77 So. 628, 75 Fla. 79
CourtSupreme Court of Florida
DecidedJanuary 14, 1918
StatusPublished
Cited by5 cases

This text of 77 So. 628 (Bates v. Lanier) is published on Counsel Stack Legal Research, covering Supreme Court of Florida primary law. Counsel Stack provides free access to over 12 million legal documents including statutes, case law, regulations, and constitutions.

Bluebook
Bates v. Lanier, 77 So. 628, 75 Fla. 79 (Fla. 1918).

Opinion

Whitfield, J.

The appellant brought suit to enforce a mortgage lien on real estate.
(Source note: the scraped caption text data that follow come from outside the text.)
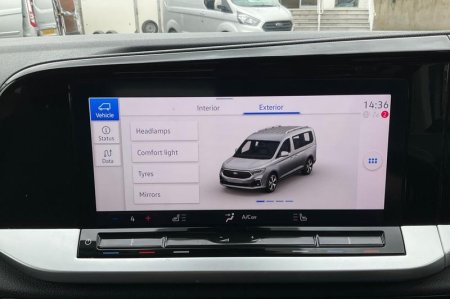 2023 Ford Tourneo Connect - photo 27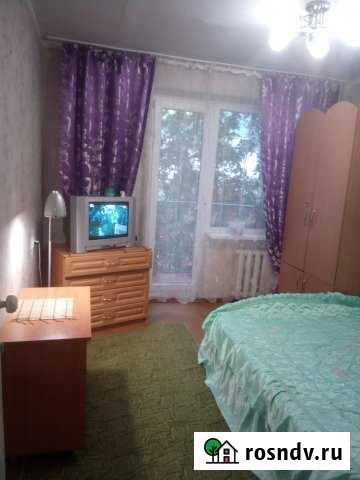 2-комнатная квартира, 50 м², 5/12 эт. в аренду посуточно в Севастополе Севастополь - изображение 1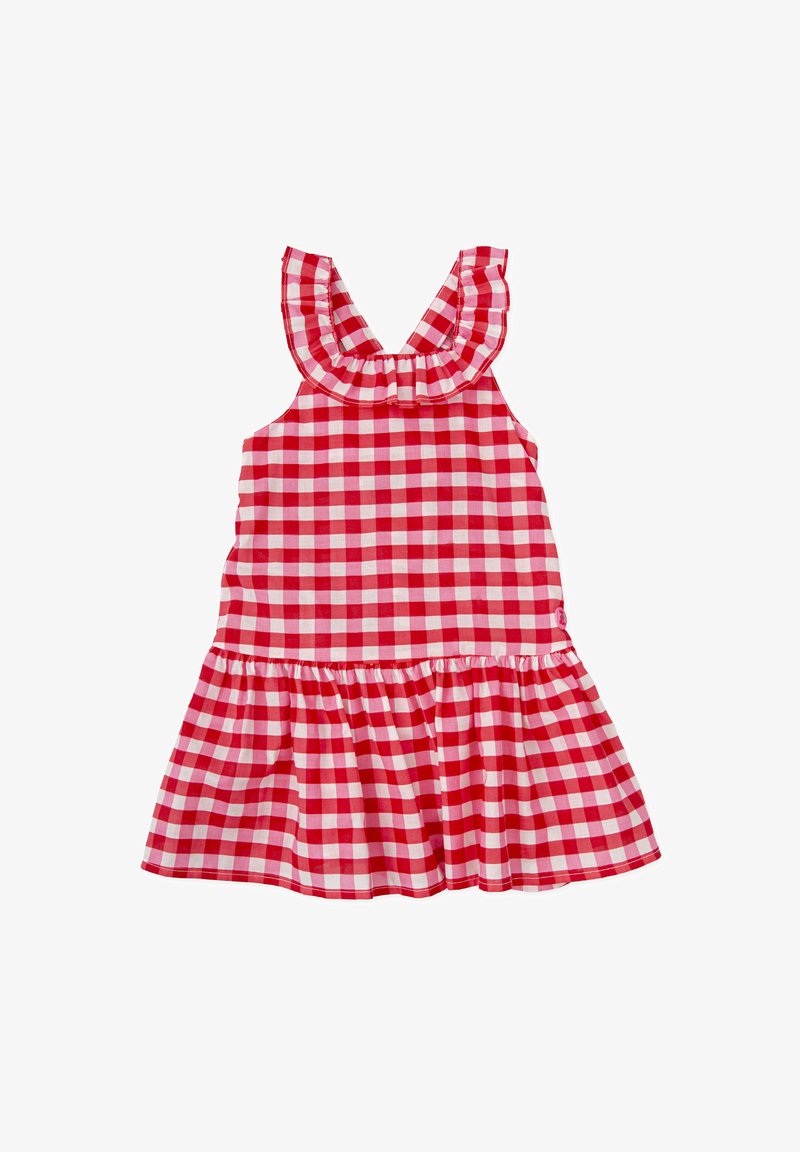 Tutto Piccolo Vestido informal - rojo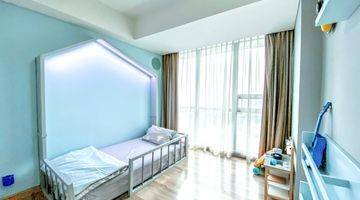 Gambar 2 Jual Cepat Apartement St. Moritz Ambassador Suite Furnished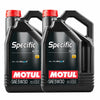 Motul Specific dexos2 5w30 Fully Synthetic Car Engine Oil C3 API SN / CF 102643 - World of Lubricant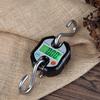 WeiHeng Electronic Hanging Scales 150kg 50g Digital Stainless Steel Hook LCD Crane Scale Loop Fish Heavy Duty Weight Balance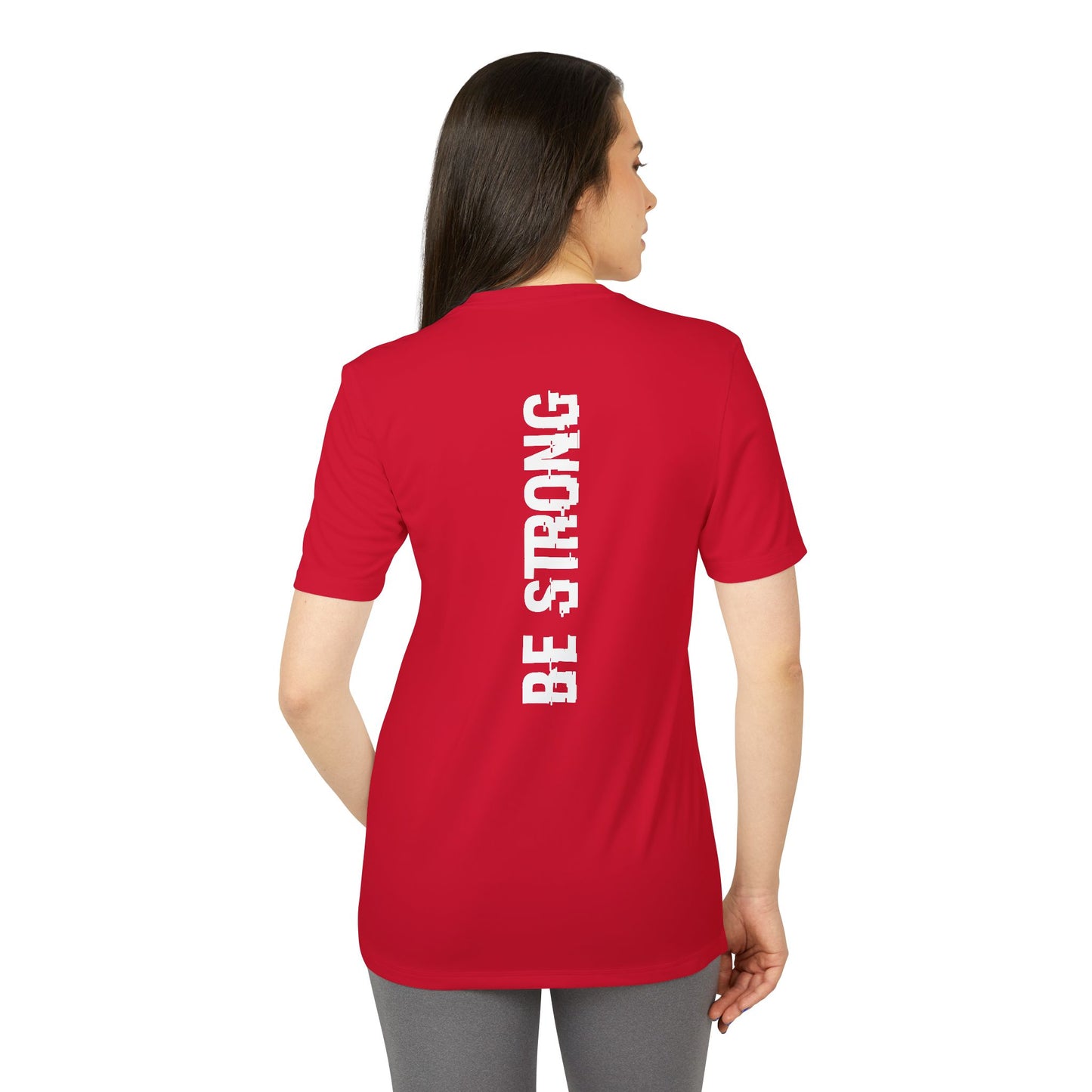 Allbestrong Adidas Sport Tee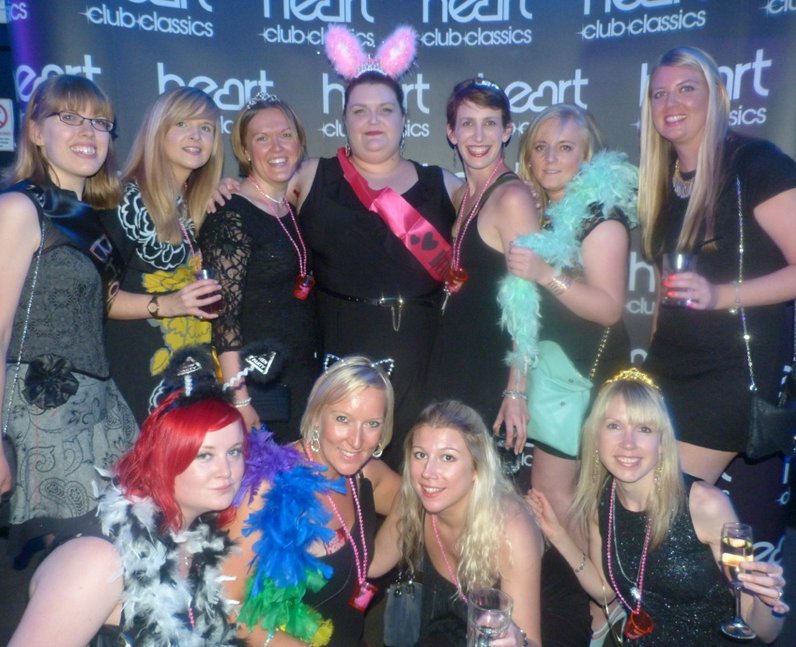 Heart Angels: Club Classics Chicago Chelmsford (5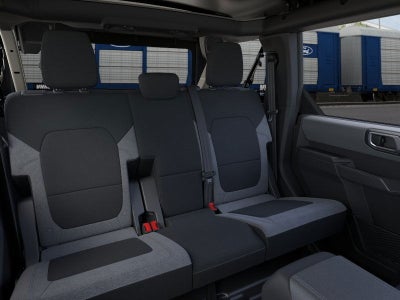 2026 Ford Bronco Big Bend 4 Door 4x4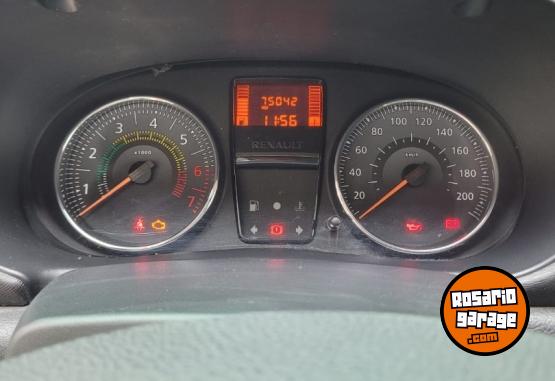 Autos - Renault Clio Mio 1.2 2016 Nafta 75000Km - En Venta
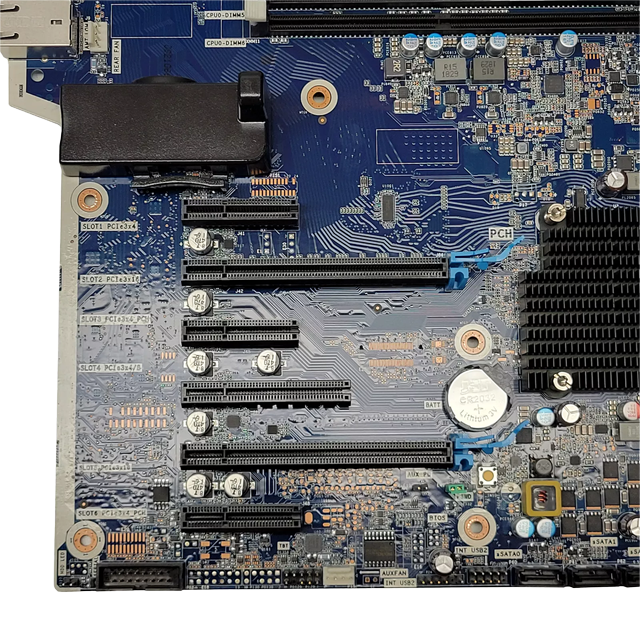 HP Z6 G4 Workstation Motherboard - LGA3647 914283-001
The defendants F. M. Lanier and Rosa Lee Lanier answered “That it is true as alleged, in said bill that, the defendant F. M. Lanier was indebted to the complainant in the sum of money named in said bill, and on said date executed the note described, and to secure the payment of said note, the defendant last abové named made, executed and delivered the mortgage also described in said bill of complaint. * * *.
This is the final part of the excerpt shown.